On the front page of Saturday’s Wall Street Journal, two unrelated articles pointed to a greater story.

The first concerned a 15- or 16-year-old factory girl in Bangladesh. Her name was Mahinur Akhter. She survived five weeks of burial in the collapsed garment factory where she had worked. A seamstress, she had earned $90-100 a month, essential to her family. Her father died in a traffic accident last year. She now struggles with fear of returning to rickety industrial buildings versus the needs of her mother and siblings. But the tragedy of the factories is part of a greater story of hope.

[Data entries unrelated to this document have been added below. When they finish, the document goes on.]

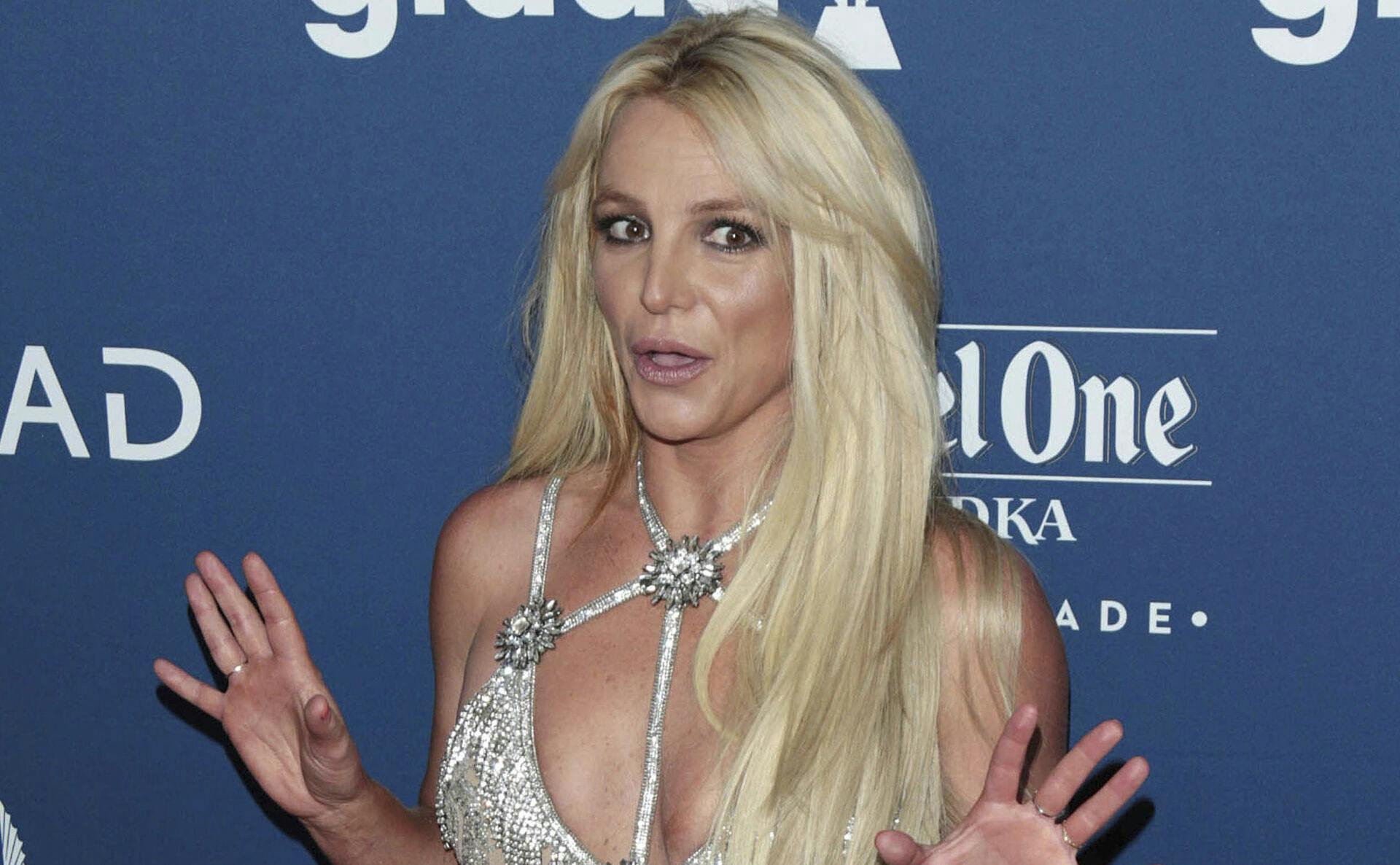 Britney Spears fortsætter sit mystiske Instagram-liv.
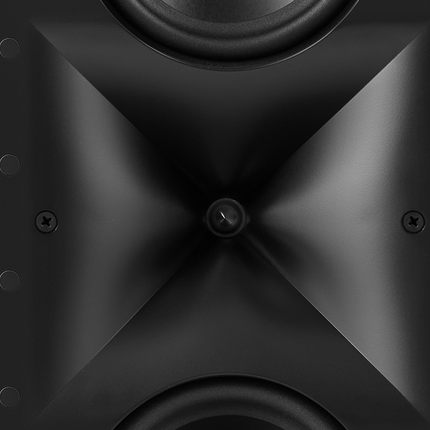 Prim-plan cu pavilionul HDI simetric al boxei JBL Synthesis SCL-9, cu driverul cu compresie in centru
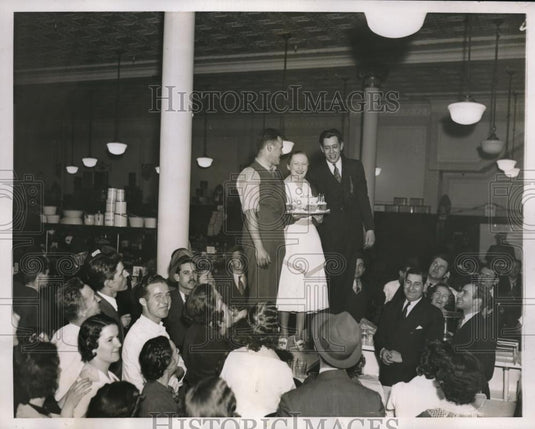 1937 Press Photo Mary Murphy Celebrates Celebrates 22nd Birthday - Historic Images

“For millions” in Bangladesh, the article noted, “global demand for cheap garments provides a chance to lift their families from destitution.” It continued:

Rapid expansion of the garment business has helped drive up income in a country that ranks among the world’s poorest nations. The number of Bangladeshis living in poverty has dropped by more than 25% since 2000, according to the World Bank. Growth in per-capita GDP averaged about 2.7% a year in the 1990s, compared with about 4.4% annually in the 2000s.

The second article concerned protests in Brazil. It focused on a young man, 14 to 15 years older than Ms. Akhter:

For Alexandre Peppe, the last decade has been great. The 29-year-old from the poor outskirts of São Paulo got a good job in state government, bought a car and became the first in his family to go to college.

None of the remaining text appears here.